Start of PROVIDED RECORDS

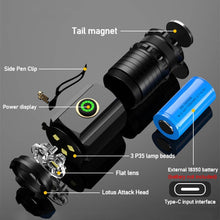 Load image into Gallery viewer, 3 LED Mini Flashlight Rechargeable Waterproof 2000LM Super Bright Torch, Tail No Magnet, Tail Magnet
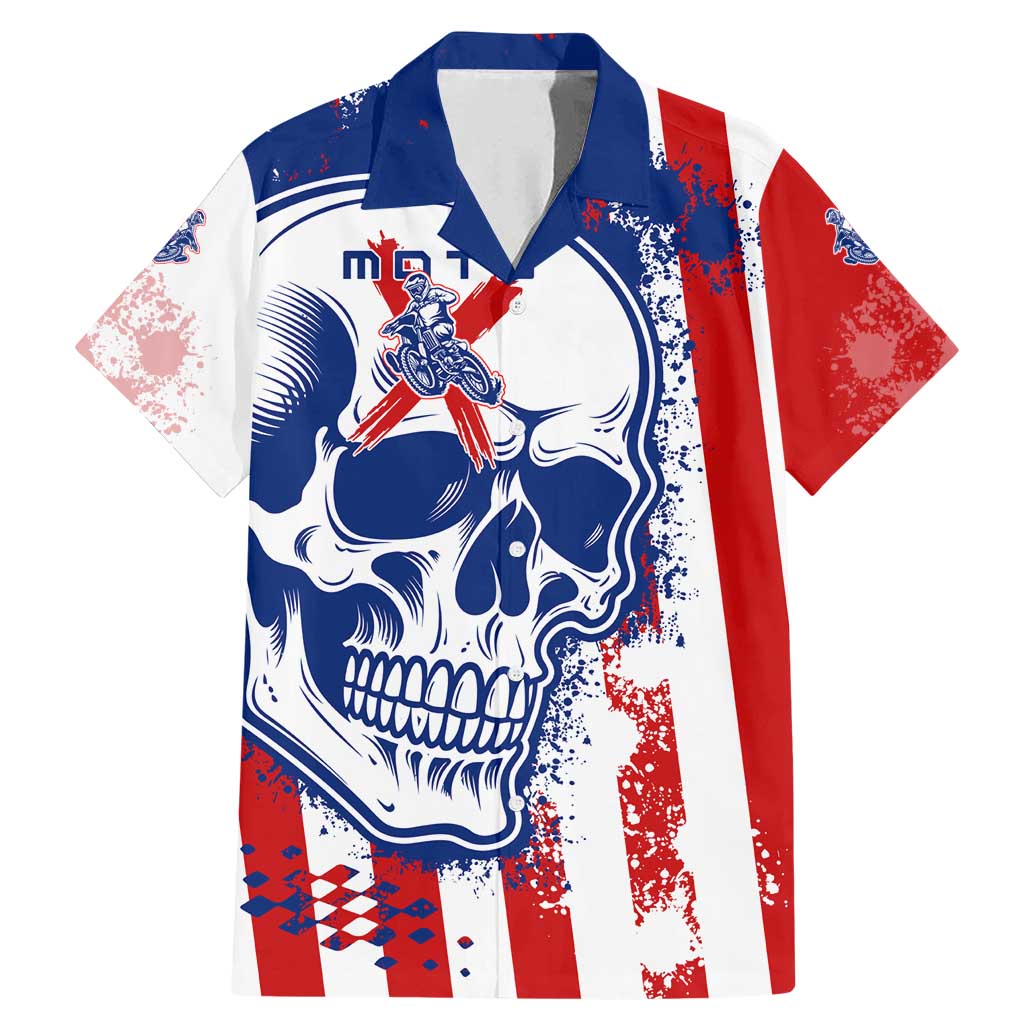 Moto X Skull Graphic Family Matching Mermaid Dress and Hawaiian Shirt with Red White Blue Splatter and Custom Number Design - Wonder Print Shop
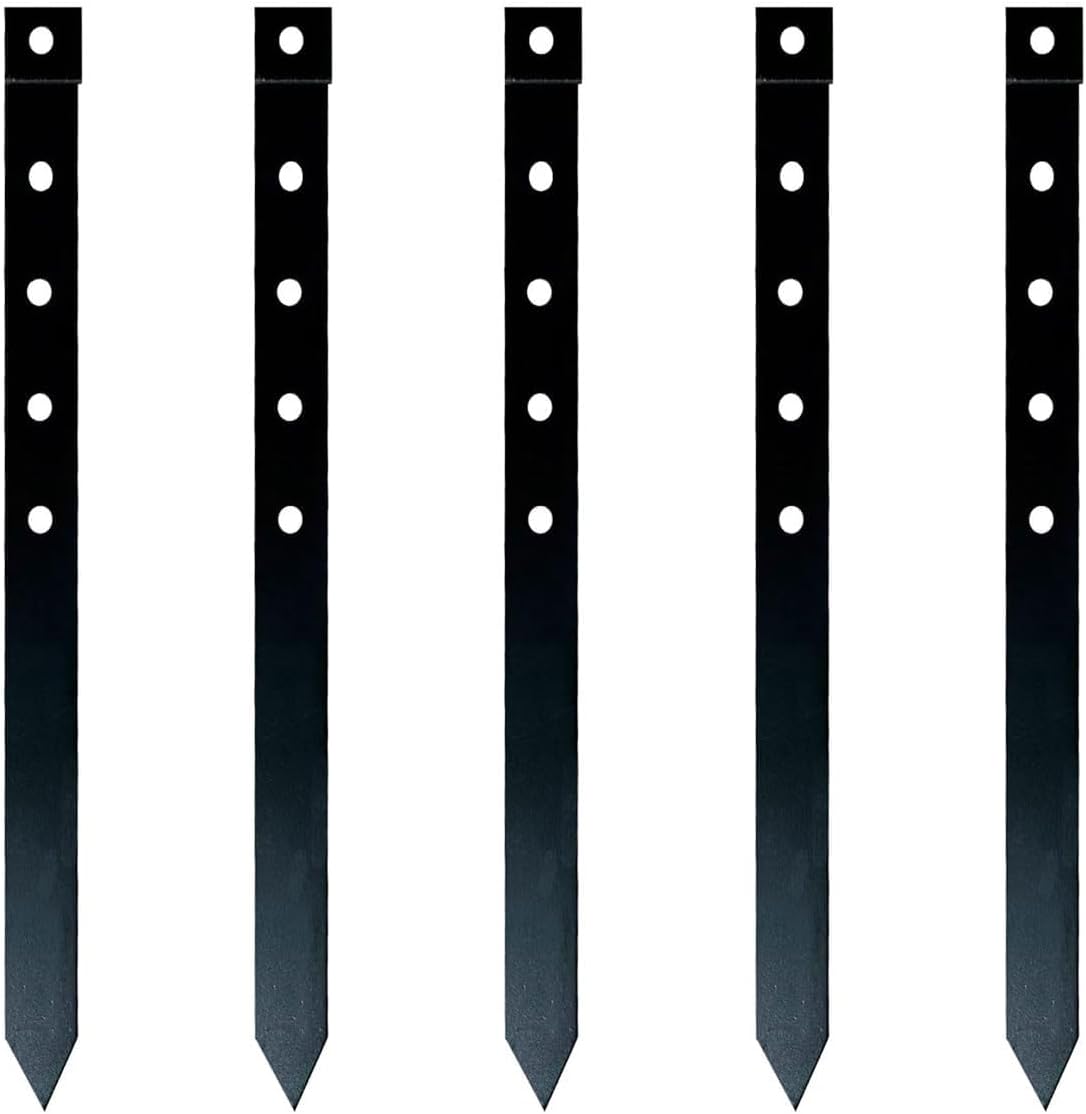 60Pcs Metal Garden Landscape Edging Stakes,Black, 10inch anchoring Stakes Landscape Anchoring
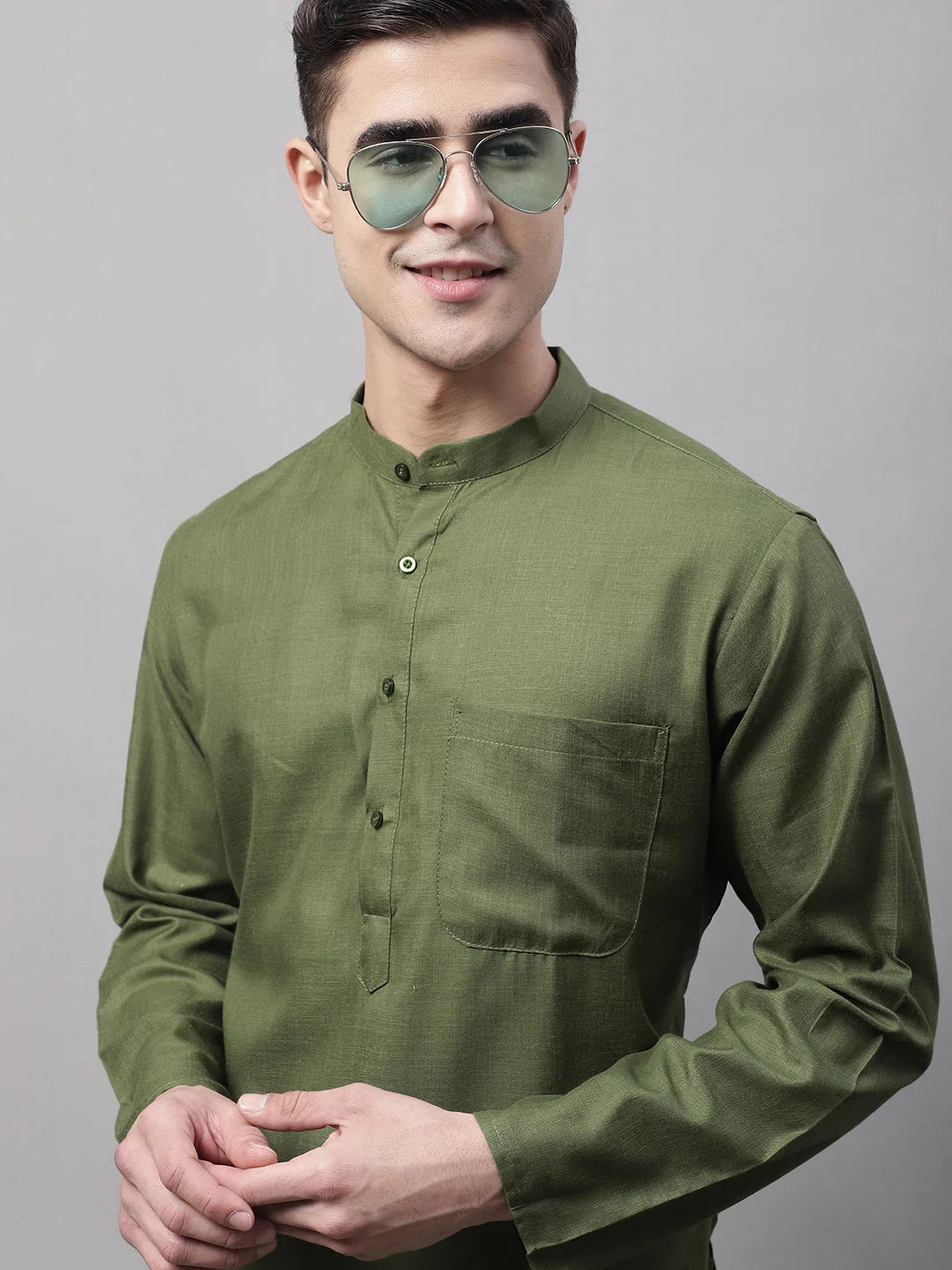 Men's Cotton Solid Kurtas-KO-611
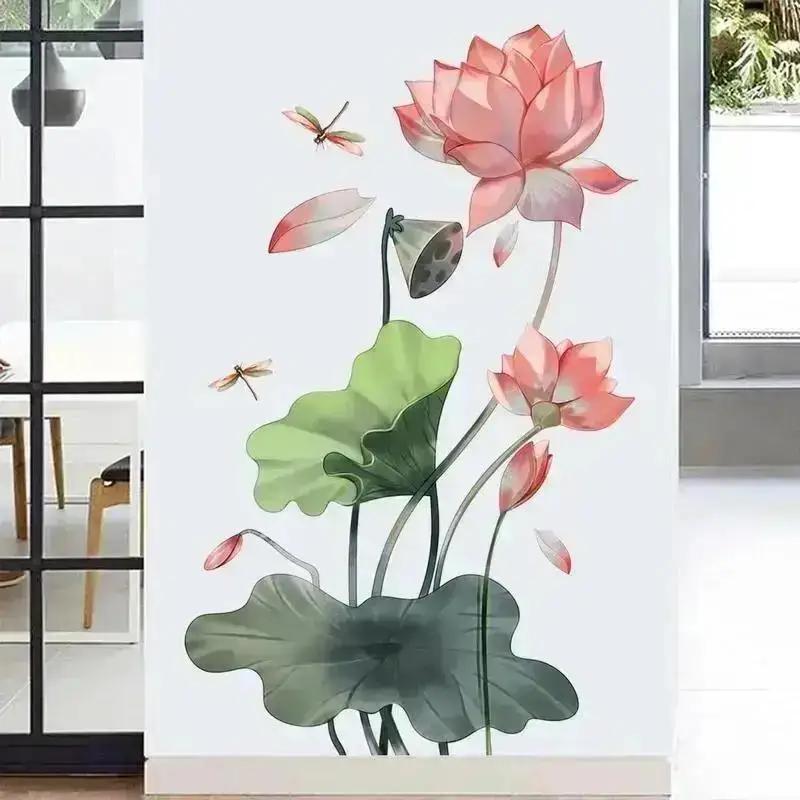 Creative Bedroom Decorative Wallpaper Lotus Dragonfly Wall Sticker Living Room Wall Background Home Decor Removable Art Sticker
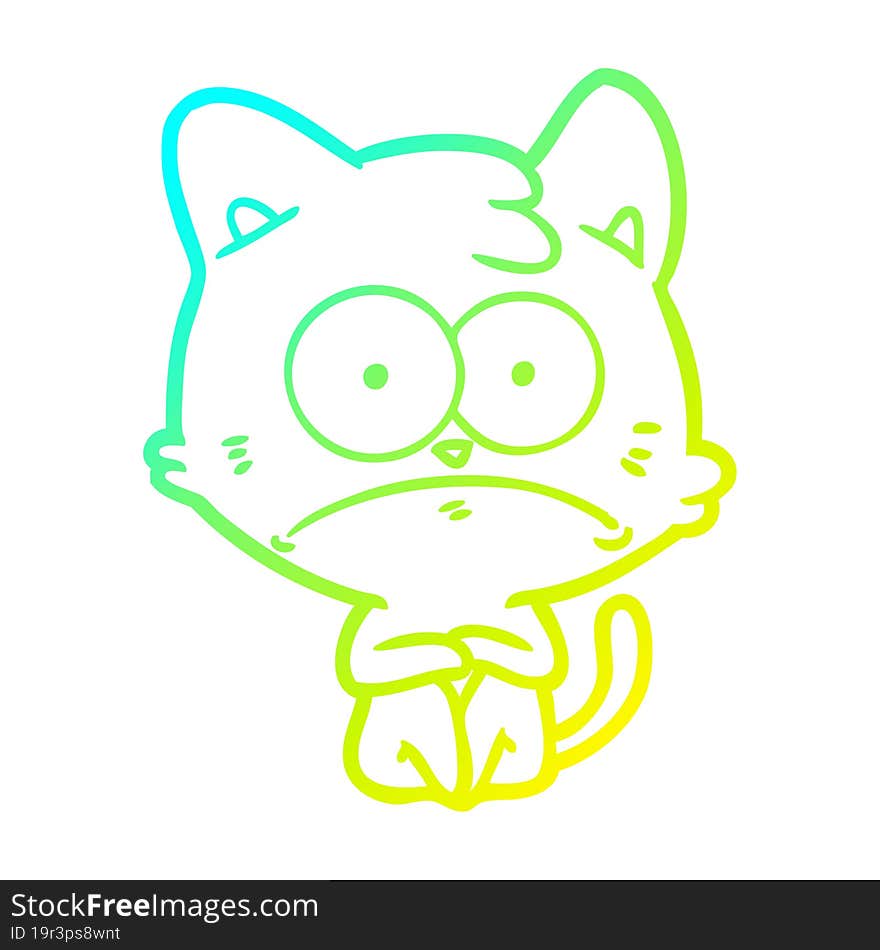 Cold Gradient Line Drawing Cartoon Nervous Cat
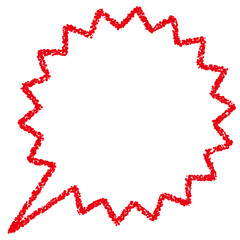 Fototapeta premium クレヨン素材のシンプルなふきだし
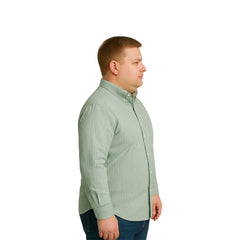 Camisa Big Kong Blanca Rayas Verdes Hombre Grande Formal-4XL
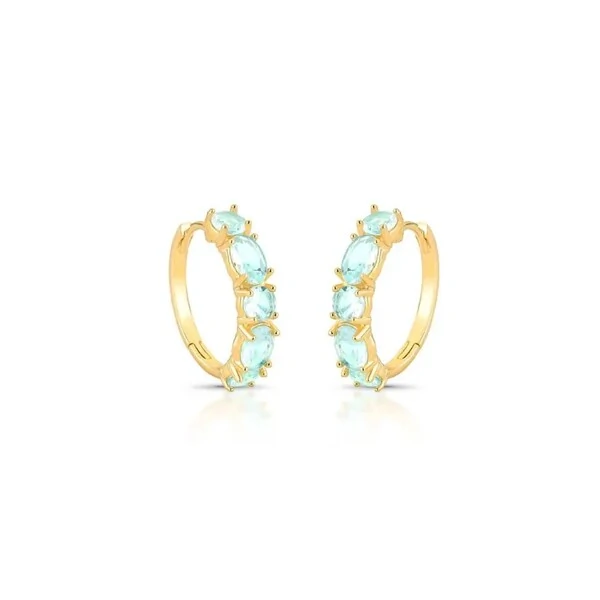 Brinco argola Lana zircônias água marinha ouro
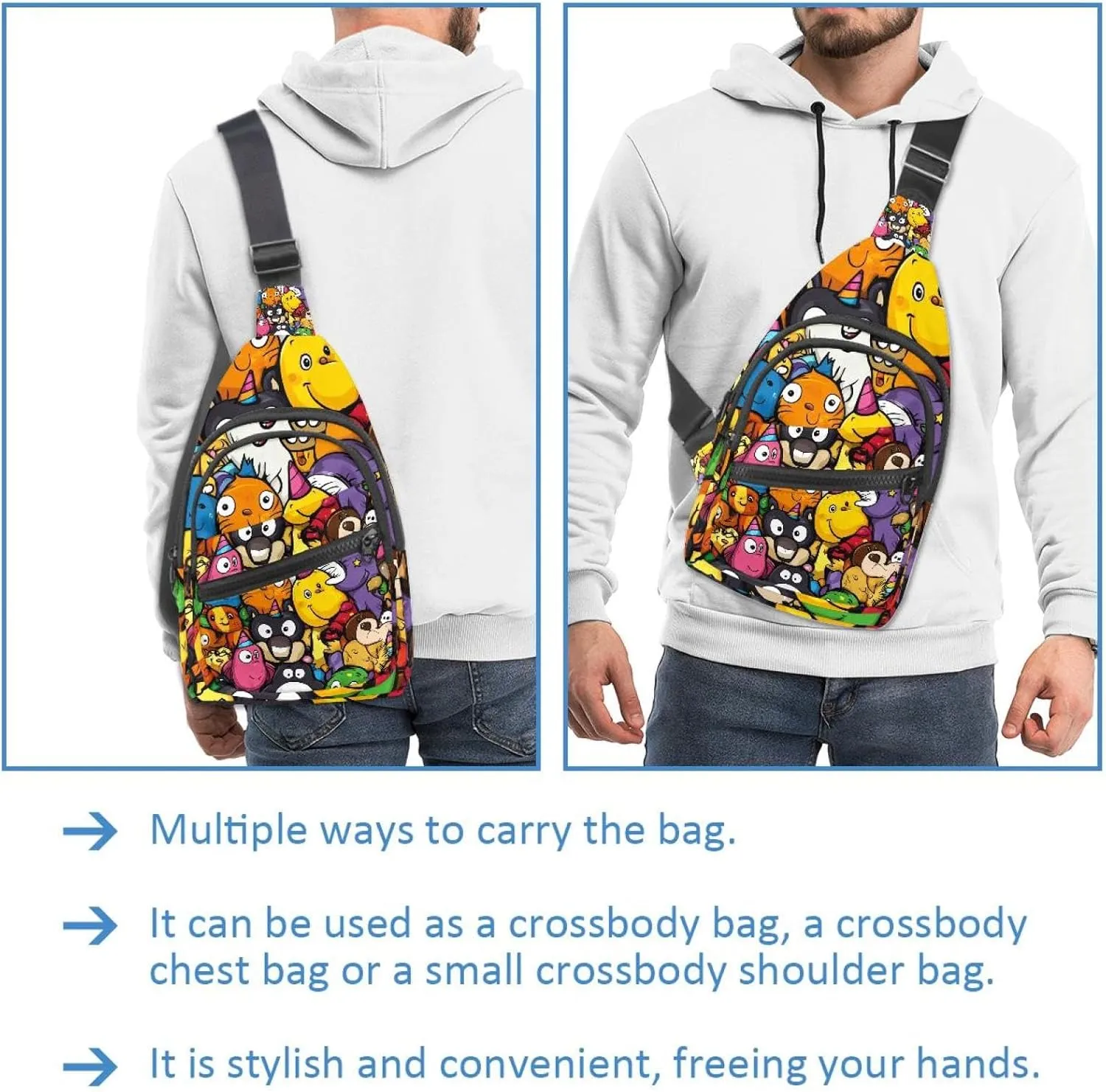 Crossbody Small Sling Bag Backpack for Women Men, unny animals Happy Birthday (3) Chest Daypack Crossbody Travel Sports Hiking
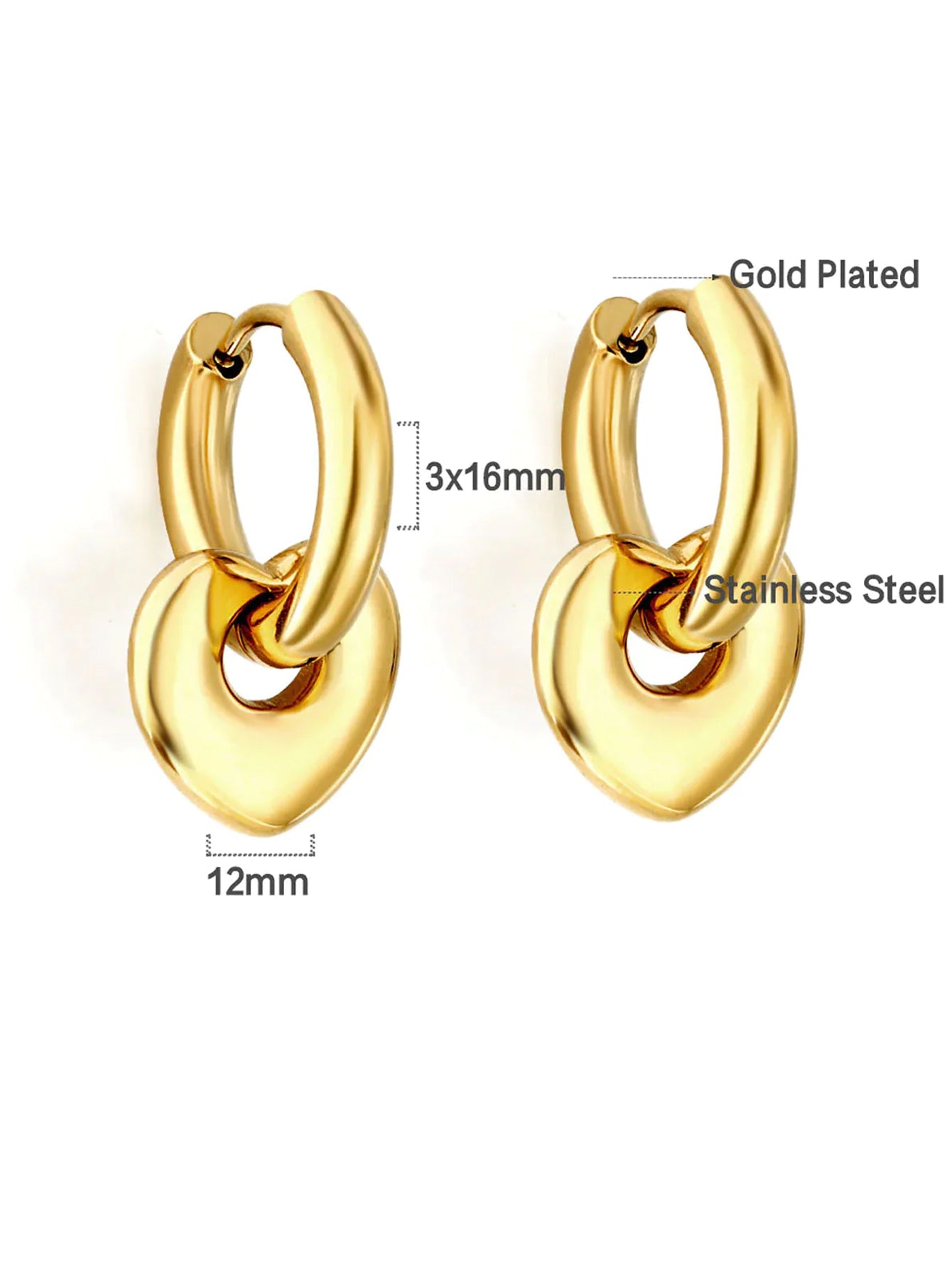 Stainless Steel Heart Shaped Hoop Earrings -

End of PROVIDED RECORDS

WHAT IS BEING ASKED:
Please set down each line of the data above exactly as written, without the pictures.

WRITTEN REPLY:
 Load image into Gallery viewer, 3 LED Mini Flashlight Rechargeable Waterproof 2000LM Super Bright Torch, Tail No Magnet, Tail Magnet
 Moto X Skull Graphic Family Matching Mermaid Dress and Hawaiian Shirt with Red White Blue Splatter and Custom Number Design - Wonder Print Shop
 60Pcs Metal Garden Landscape Edging Stakes,Black, 10inch anchoring Stakes Landscape Anchoring
 Men's Cotton Solid Kurtas-KO-611
 Creative Bedroom Decorative Wallpaper Lotus Dragonfly Wall Sticker Living Room Wall Background Home Decor Removable Art Sticker
 Cold Gradient Line Drawing Cartoon Nervous Cat
 Fototapeta premium クレヨン素材のシンプルなふきだし
 Camisa Big Kong Blanca Rayas Verdes Hombre Grande Formal-4XL
 Brinco argola Lana zircônias água marinha ouro
 Crossbody Small Sling Bag Backpack for Women Men, unny animals Happy Birthday (3) Chest Daypack Crossbody Travel Sports Hiking
 Stainless Steel Heart Shaped Hoop Earrings -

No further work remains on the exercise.